Are we talking about the same Google...the company with the absolute worst support of any company in the world (and I'm talking about their "support" for their paid services not the free ones)?


----------



## drmike (Mar 4, 2015)

DomainBop said:


> Next question, so what if the phone support is outsourced to foreign countries and staffed by non-native English speakers?  Have you ever visited one of their offices and dealt with their customer service staff in person?  NEWS FLASH!, their US based native English speaking support is just as bad and incompetent. I think bad support is company policy at TimeWarner


I've never had the walk in office experience with TWC.  But, their local node end is also in same location as their public walk in.   So, if they can't resolve my basket of issues via a deployed tech tomorrow, then I am doing office visit.  Can't wait actually.

I'll be looking to make the help folks if useless give me management contact for the region.

Only reason why a company so crappy like TWC even exists is due to legal monopoly position with exclusive territory under their franchising agreement.    Time that public pole right of ways gets some competitors.

Have their top package - Ultimate... Which is 50Mbps downstream advertised... Getting this:

3.46 Mbits/s

2.88 Mbits/s

3.10 Mbits/s

All tests tonight are running in that range.   That range is pathetic and basically just above their lowest $20~ entry level tier.  Some 4-5 plans downward on the menu.


----------



## AMDbuilder (Mar 5, 2015)

qps said:


> AT&T is doing GigaPower in that area too...


I wouldn't mind GigaPower, granted considering there isn't Uverse in my area it's unlikely that will appear any time soon. One can hope for any other decent option tho.


----------



## Jonathan (Mar 5, 2015)

The whole "for 24/7" argument is invalid. We're 24/7 and our office in Amercia is staffed all 24 hours of that. There are tons of people out there who prefer night shifts to day shifts.


----------



## drmike (Mar 5, 2015)

KnownHost-Jonathan said:


> The whole "for 24/7" argument is invalid. We're 24/7 and our office in Amercia is staffed all 24 hours of that. There are tons of people out there who prefer night shifts to day shifts.

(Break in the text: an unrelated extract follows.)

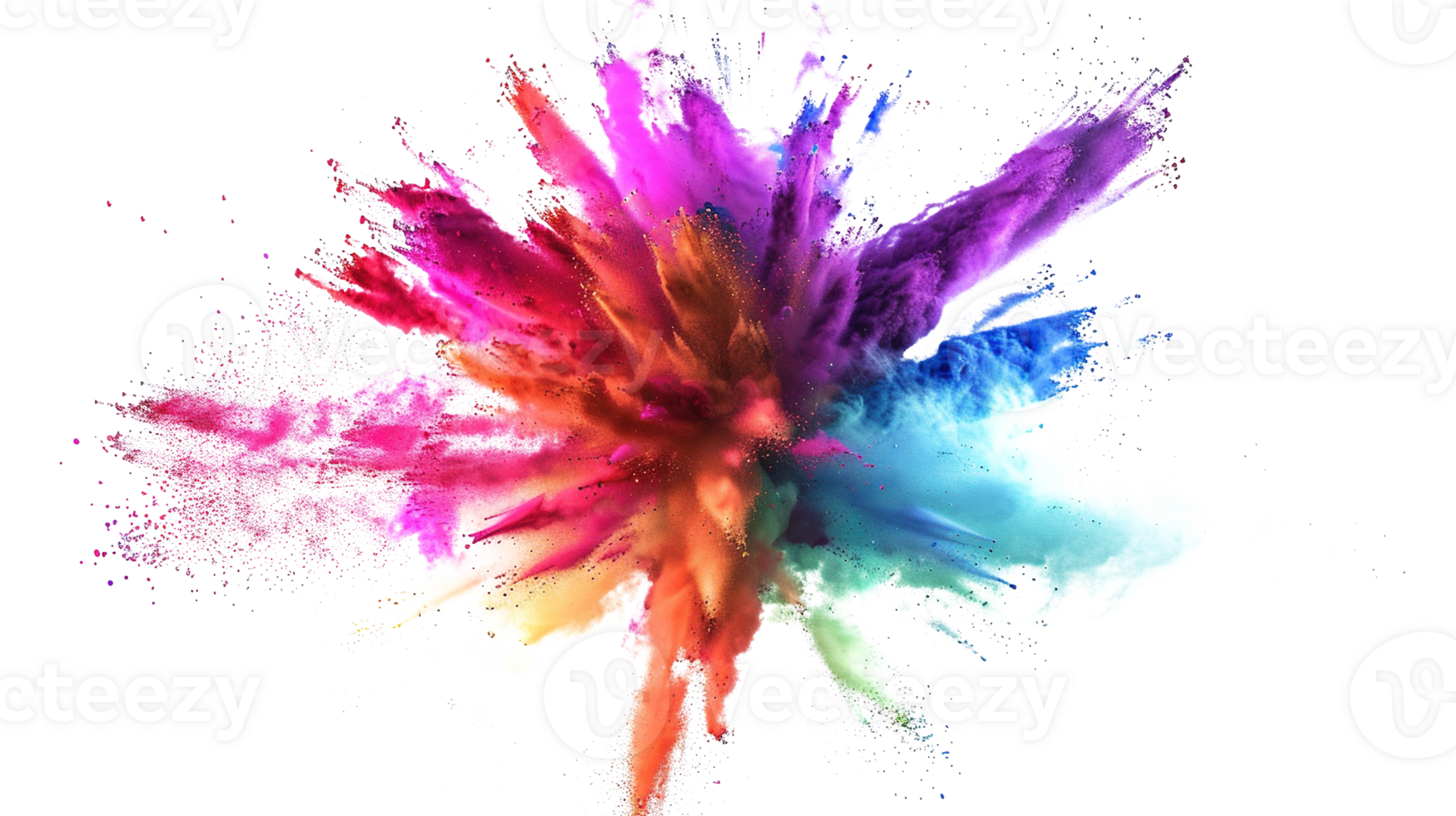 Abstract Colorful Colourful Holi Paint Powder Festival Explosion Burst on Transparent Background - Paint Isolated Splash Explode Smoke Dust Spray Cloud Gas Ink Blooming Smog Splatter Fume png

Kudos to you on running a good shop and not false advertising about your support.

MANY MANY shops pretend to have 24/7 support. When cornered about it by a pissed customer, the story telling begins.  Oh we accept tickets 24/7.  Doesn't mean we handle them or have staff then.

I am one of those people that prefers overnights.  Glad to see others realize there is an entire, be it small subset of the population that can and will work overnight, even in 'Murica.  

My support being abroad thing I think I should slap about some more.   I think people providing support should have similar understandable speech to the customer.   Time Warner should have regional call centers.   The density of customers and their outrageous rates mean they damn well can afford it too.

I expect a customer in the UK should get support based in the UK.  Someone in Congo, well support in Congo.  Australia, Aussie support.  ETC.

If TWC isn't offshoring support, they need to check people's paperwork  / greencards / work credentials.  Surely hiring from the bottom of a smelly pickle barrel at lowest cost - as the level of the support knowledge totally sucked.  People going through human bowel movements disguised as support.   I could automate what "support" puts customer through.


----------



## DomainBop (Mar 5, 2015)

> If TWC isn't offshoring support, they need to check people's paperwork  / greencards / work credentials.  Surely hiring from the bottom of a smelly pickle barrel at lowest cost - as the level of the support knowledge totally sucked.


Time Warner has a documented history of violating US labor laws and paying their call center workers sh*t wages and trying to force them to work overtime for free.  2 years ago they paid a large settlement to settle a class action suit brought on behalf of their NY/NJ call center workers for forcing them to work OT without pay.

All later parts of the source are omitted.